TRIBUNSOLO.COM, SOLO - Bengawan Solo merupakan nama sungai terpanjang di pulau Jawa di Indonesia yang mengalirkan air dari daerah aliran sungai (DAS) seluas ±16,100 km2, mulai dari Pegunungan Sewu di sebelah barat-selatan Solo ke laut Jawa di utara Surabaya melalui alur sepanjang ±600 km (370 mil).
Bengawan Solo menjadi jalur air bagi penduduk dan lahan pertanian di bagian timur dan utara pulau Jawa, alur sungai ini juga terkenal di kalangan paleoantropologi.
Banyak penemuan sisa-sisa hominid awal (berasal dari 100,00 hingga 1,5 juta tahun yang lalu) telah dilakukan di beberapa situs di lembahnya, terutama di Sangiran, termasuk fosil manusia purba pertama yang ditemukan di luar Eropa, yang disebut dengan tengkorak Manusia Jawa.

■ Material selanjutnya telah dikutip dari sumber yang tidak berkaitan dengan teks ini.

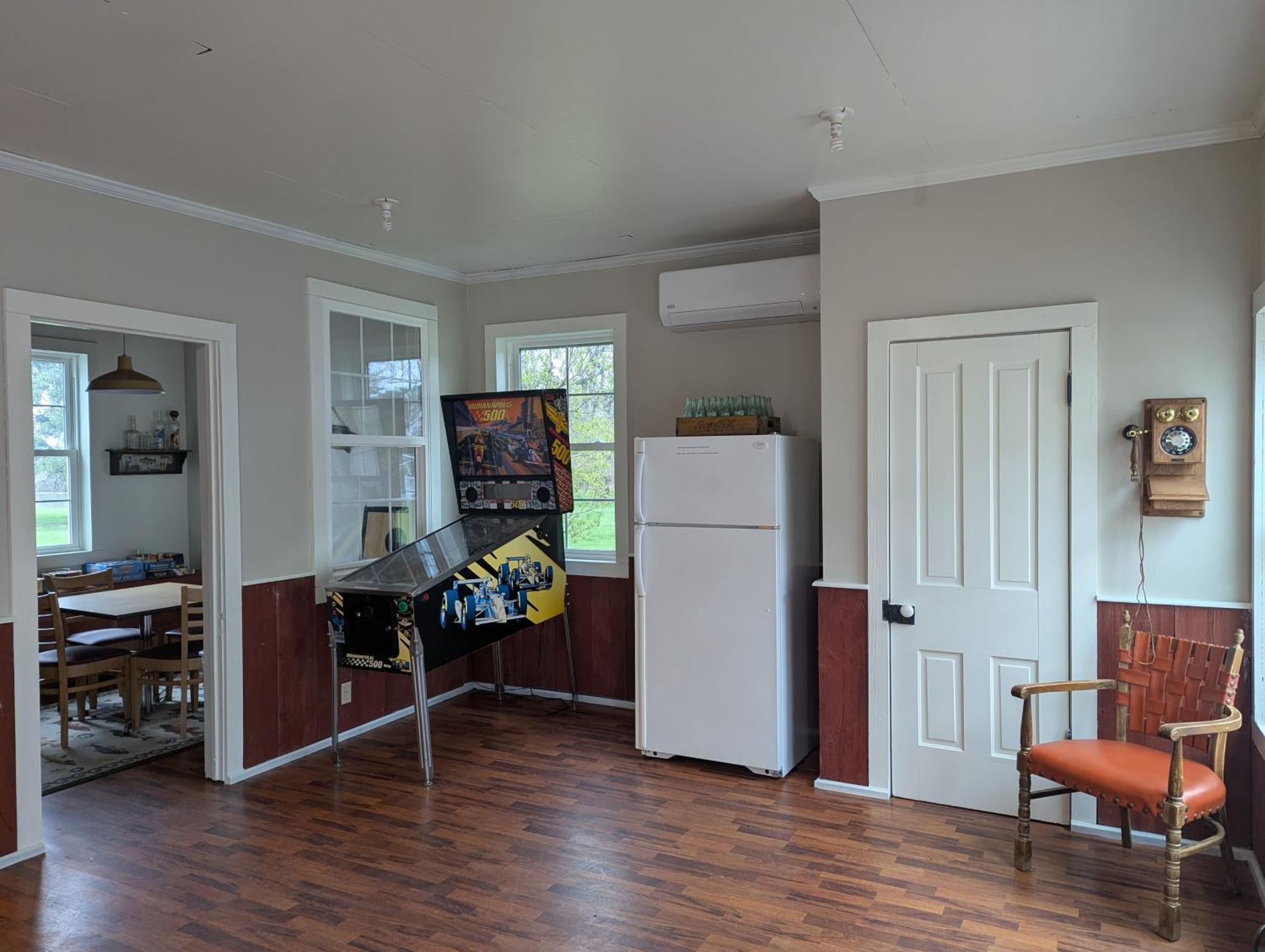 Farrell House Lodge At Sunnybrook Trout Club Sandusky Exteriör bild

Terlepas dari status Bengawan Solo sebagai sungai terpanjang di Jawa, ada beberapa mitos yang menyelimutinya.
Mitos soal Bengawan Solo ini beberapa sudah menjadi urban legend selama bertahun-tahun, salah satunya adalah mitos onggo-inggi.
Mitos Onggo-Inggi
Keberadaan Sungai Bengawan Solo diperkirakan sudah ada sejak jutaan tahun lalu, menjadikannya salah satu saksi bisu peradaban di Pulau Jawa.
Namun, aliran tenangnya kerap dikaitkan dengan peribahasa "air tenang menghanyutkan".
Tak sedikit nyawa yang hilang di sungai ini, baik karena kecelakaan saat berenang, tenggelam, maupun saat berusaha menyelamatkan orang lain.
Di balik tragedi-tragedi itu, masyarakat bantaran sungai menyimpan sebuah mitos yang dipercaya turun-temurun: kisah makhluk mistis bernama onggo-inggi.
Onggo-inggi digambarkan sebagai sosok perempuan menyeramkan yang hanya berupa kepala tanpa tubuh, berambut panjang, dan gentayangan di sepanjang aliran sungai.
Masyarakat percaya bahwa makhluk ini menyerang korbannya dengan cara membelit menggunakan rambutnya, lalu menyeret mereka ke tengah sungai untuk ditenggelamkan.
Yang menjadi target dari onggo-inggi pun tidak sembarangan.
Konon, makhluk ini hanya mengincar anak-anak hingga remaja yang masih perjaka atau perawan.
Dalam beberapa kisah, disebutkan bahwa onggo-inggi bahkan bisa “menyembunyikan” anak manusia dan baru akan mengembalikannya jika telah ditemukan pengganti yang cocok.
Berbeda dari makhluk mitos lainnya yang biasanya muncul pada malam hari, onggo-inggi justru diyakini aktif di siang bolong, tepat saat orang-orang merasa paling aman.
Namun, seperti legenda-legenda horor Nusantara lainnya, onggo-inggi juga memiliki kelemahan.
Ia diyakini takut terhadap kain kafan dan menyan, dua benda yang kerap digunakan dalam ritual pengusiran makhluk halus.
Antara Mitos dan Pesan Moral
Meskipun banyak masyarakat yang meyakini keberadaan onggo-inggi, tidak sedikit pula yang menganggap cerita ini hanyalah hasil rekayasa.
Tujuannya tak lain adalah untuk menakut-nakuti anak-anak agar tidak bermain sembarangan di bantaran sungai, mengingat bahaya nyata yang mengintai di aliran Bengawan Solo.
Nah, kalau Tribuners percaya yang mana?